Começou a sua carreira como atriz, mas afinal de onde surgiu essa paixão de “passar” para o outro lado da câmara? Ser a realizadora que é hoje?

Não fui uma boa atriz, por isso não fiquei muito tempo nas atuações [risos]. Julgo que é a experiência de viver através da mente de outra pessoa, da face de outra pessoa, sentimentos que não podemos expressar nós próprios. É aproveitar a nossa imaginação, mais do que na vida real, que por vezes não é tão intensa assim. A realização é como tentar capturar e trabalhar a alma humana, o mistério dos Homens, o que escondem, o que está por detrás. É algo interessante e antropológico também, trabalhar com as complexidades humanas no grande ecrã. Estas mesmas não “vivem” num papel, por isso cabe a nós, realizadores, dar-lhes vida. São estes os motivos que me fazem ligar a esta, o qual não considero um mero trabalho, mas sim, maneira de viver.
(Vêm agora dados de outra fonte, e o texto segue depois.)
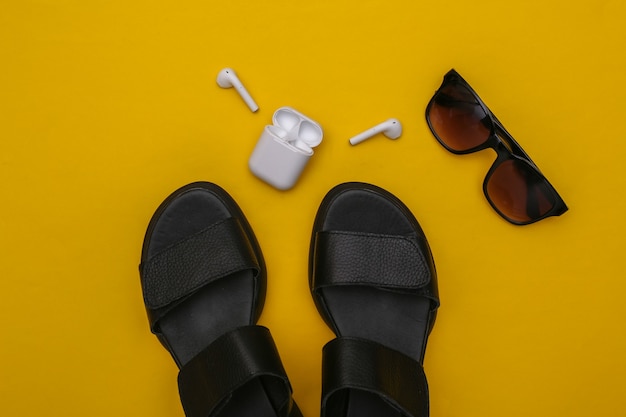 Gadgets and women's accessories on  yellow background. Sandals, smart wireless headphones and sunglasses. Top view. Flat lay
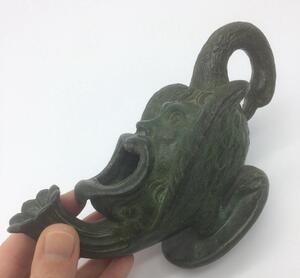 Grand Tour style grotesque bronze oil lamp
A sua carreira é variada em filmes e géneros. Como é que escolhe o próximo género a trabalhar?

Sou instintiva, eu faço um filme contra o meu anterior, ou seja, passo para um verdadeiramente negro e depois vou trabalhar num filme mais “light“. Obviamente, que escolho cuidadosamente os meus filmes, tento comprometer-me a uma ambiguidade sexual de pessoas que estão perante situações ou sentimentos que não conseguem controlar. O que gosto mesmo é de nunca fazer o mesmo filme ou estilo que já tivesse experimentado. Gosto de descobrir diferentes formas de como fazer um filme. Quando vemos o “Coco Chanel” ou “Adore”, apercebemos de interligações entre as obras, estão todos conectados, principalmente na maneira como eu trato as personagens. Mas claro, “Les Innocentes” é uma obra bastante distante de “Adore”, por exemplo, mas são todas histórias acerca de mulheres.

Em relação a esse novo filme que terminou de rodar em Portugal. O que pode dizer sobre ele?

O meu novo filme intitula-se de “Marvin”, uma semi-biografia que acompanhará um pequeno rapaz dos seus 12 aos 24, oriunda de uma família xenófoba e racista, que reinventa a sua vida de forma radical. A história deste rapaz, uma personagem moderna, termina em Portugal [risos].